0

I've got a Regular Expression meant to validate that a phone number string is either empty, or contains 10-14 digits in any format. It works for requiring a minimum of 10 but continues to match beyond 14 digits. I've rarely used lookaheads before and am not seeing the problem. Here it is with the intended interpretation in comments:

///  ^                      - Beginning of string
/// (?=                     - Look ahead from current position
///      (?:\D*\d){10,14}       - Match 0 or more non-digits followed by a digit, 10-14 times
///      \D*$                   - Ending with 0 or more non-digits
/// .*                      - Allow any string
/// $                       - End of string
^(?=(?:\D*\d){10,14}\D*|\s*$).*$

This is being used in an asp.net MVC 5 site with the System.ComponentModel.DataAnnotations.RegularExpressionAttribute so it is in use server side with .NET Regexes and client-side in javascript with jquery validate.

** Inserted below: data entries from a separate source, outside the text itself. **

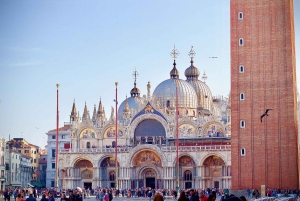 Venice in a Day: City Sightseeing Tour by Land & Water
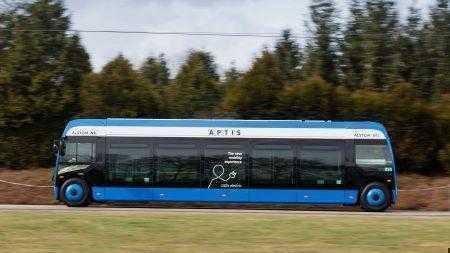 В июне на улицы Парижа выйдет необычный электробус от Alstom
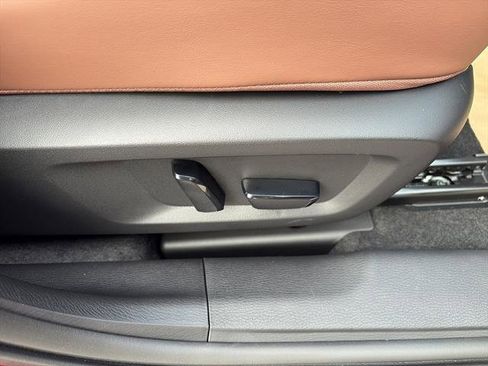 New 2026 Mitsubishi Outlander SEL image 10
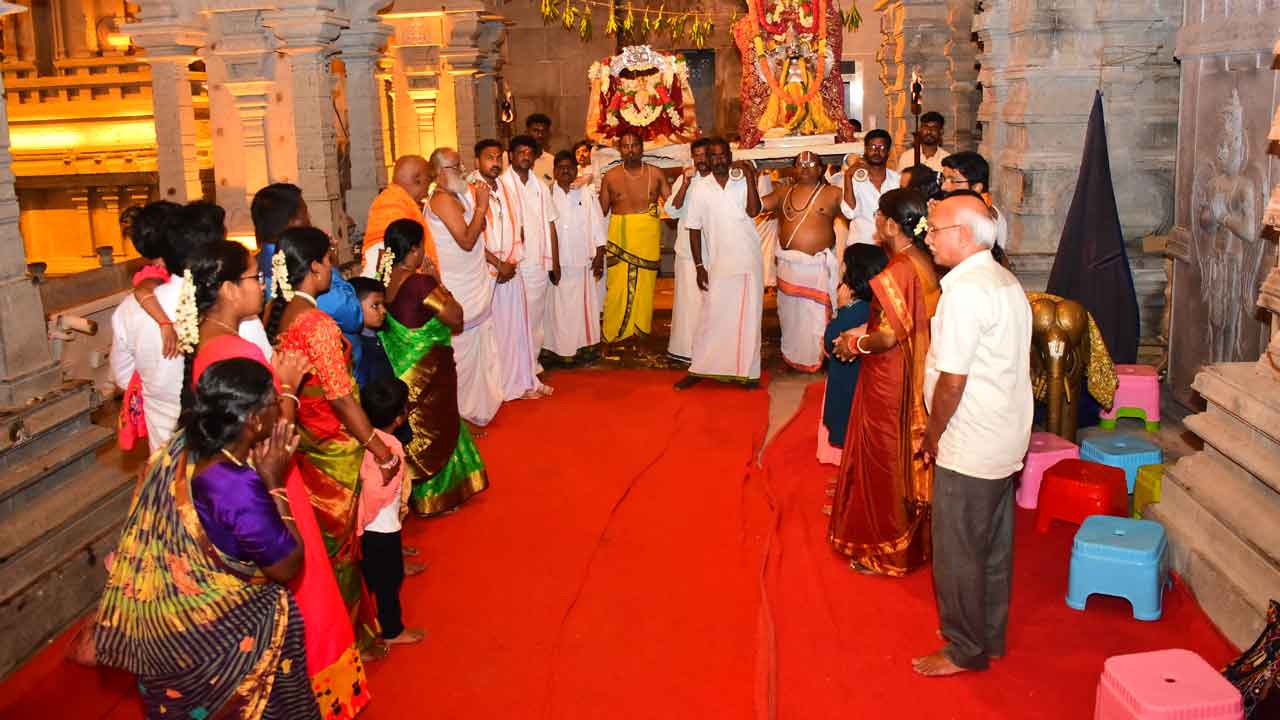 లక్ష్మీనారసింహుడికి వైభవంగా నిత్యోత్సవాలు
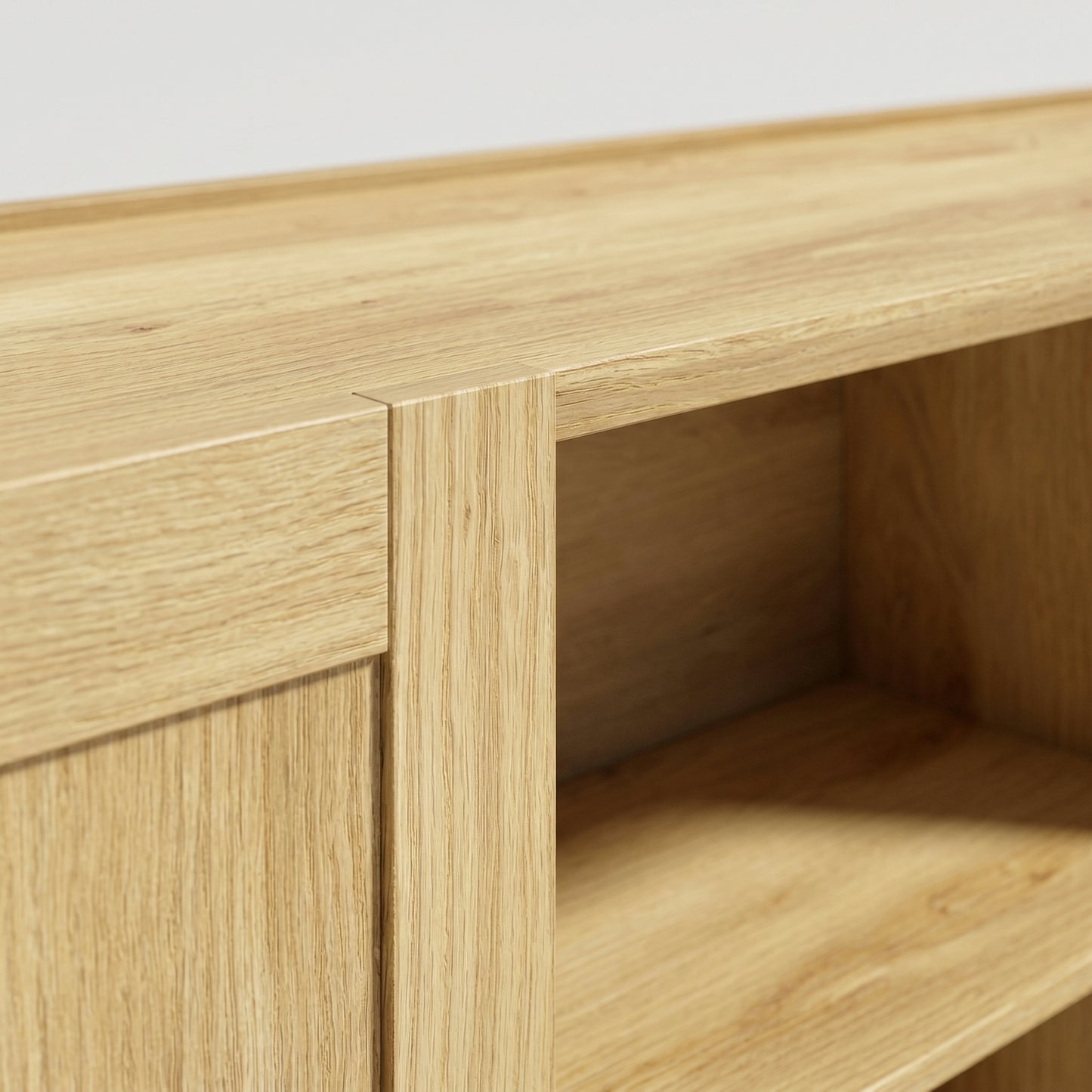 HOMCOM Sideboard Buffet Cabinet 133 cm Storage With 2 Open Shelves And 2 Cupboards Soft Close Doors Natural Finish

How can I get it to stop matching if the string contains more than 14 digits?

xr280xr
  • 12,621
  • 7
  • 81
  • 125
  • 2
    You don't need a lookahead. Try `^(?:(?:\D*\d){10,14}\D*)?$`, which will match an empty string or a string that contains `10-14` digits. [Demo](https://regex101.com/r/HakJrt/1/). – Cary Swoveland Apr 27 '20 at 05:16
  • Would you please try: `(?:^|(?<=\D))\d{10,14}(?:(?=\D)|$)`. – tshiono Apr 27 '20 at 05:22
  • tshiono, you can try it yourself by pasting that regex at the link I gave. – Cary Swoveland Apr 27 '20 at 05:24
  • 1
    ...but it doesn't work. You were on the right track in the question with `(?:\D*\d){10,14}` for counting the digits. I (basically) just added anchors. Suppose empty strings were not to match. Then the regex I gave would simplify to `^(?:\D*\d){10,14}\D*$`. – Cary Swoveland Apr 27 '20 at 05:31
  • @CarySwoveland oh...good point. Thank you. I think when I wrote this a couple years ago I had just finished writing a password regex with multiple assertions so I had lookarounds on the mind. What does the `14` essentially do in my version then? Just make sure there are 10-14 but not limit to 14? – xr280xr Apr 27 '20 at 17:36
  • xr280xr, I was confused in my last comment, at the time thinking it was tshiono's question. I just provided an answer. – Cary Swoveland Apr 27 '20 at 18:45

1 Answers1

1

The problem with the regular expression

^(?=(?:\D*\d){10,14}\D*|\s*$).*$

is that there is no end-of-line anchor between \D and |. Consider, for example, the string

12345678901234567890

which contains 20 digits. The lookahead will be satisfied because (?:\D*\d){10,14} will match

12345678901234

and then \D* will match zero non-digits. By contrast, the regex

^(?=(?:\D*\d){10,14}\D*$|\s*$).*$

will fail (as it should).

There is, however, no need for a lookahead. One can simplify the earlier expression to

^(?:(?:\D*\d){10,14}\D*)?$

Demo

Making the outer non-capture group optional allows the regex to match empty strings, as required.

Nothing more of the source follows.